Investigation of a novel completely-in-the-canal direct-drive hearing device: a temporal bone study

Affiliations

Investigation of a novel completely-in-the-canal direct-drive hearing device: a temporal bone study

Hossein Mahboubi et al. Otol Neurotol. 2013 Jan.

Abstract

Hypothesis: Whether a prototype direct-drive hearing device (DHD) is effective in driving the tympanic membrane (TM) in a temporal bone specimen to enable it to potentially treat moderate-to-severe hearing loss.

Background: Patient satisfaction with air conduction hearing aids has been low because of sound distortion, occlusion effect, and feedback issues. Implantable hearing aids provide a higher quality sound but require surgery for placement. The DHD was designed to combine the ability of driving the ossicular chain with placement in the external auditory canal.

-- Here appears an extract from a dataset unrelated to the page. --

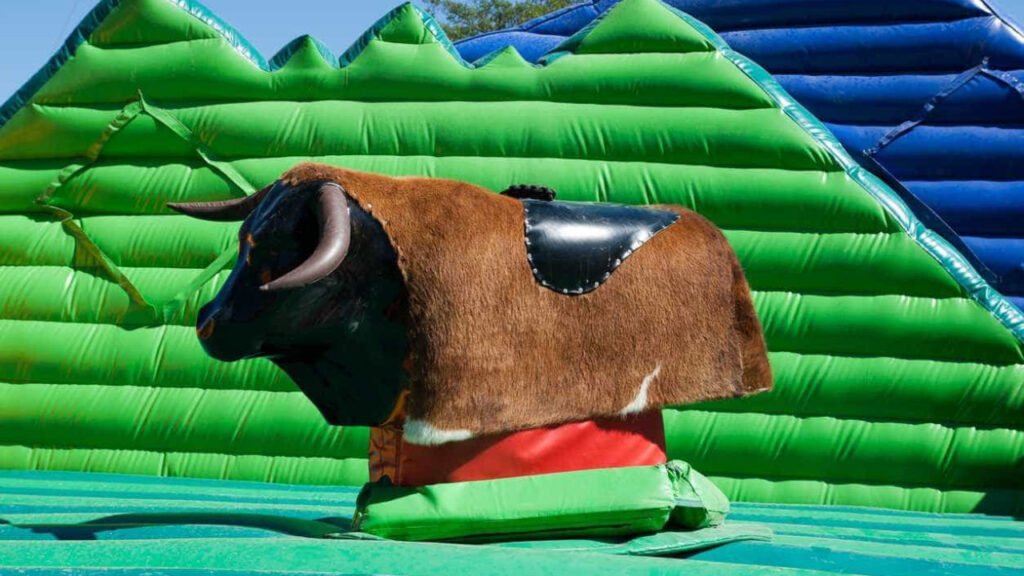 criana-perde-parte-do-dedo-aps-acidente-num-touro-mecnico-na-espanha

Methods: DHD is a 3.5-mm wide device that could fit entirely into the bony ear canal and directly drive the TM rather than use a speaker. A cadaveric temporal bone was prepared. The device developed in our laboratory was coupled to the external surface of the TM and against the malleus. Frequency sweeps between 300 Hz to 12 kHz were performed in 2 different coupling methods at 104 and 120 dB, and the DHD was driven with various levels of current. Displacements of the posterior crus of the stapes were measured using a laser Doppler vibrometer.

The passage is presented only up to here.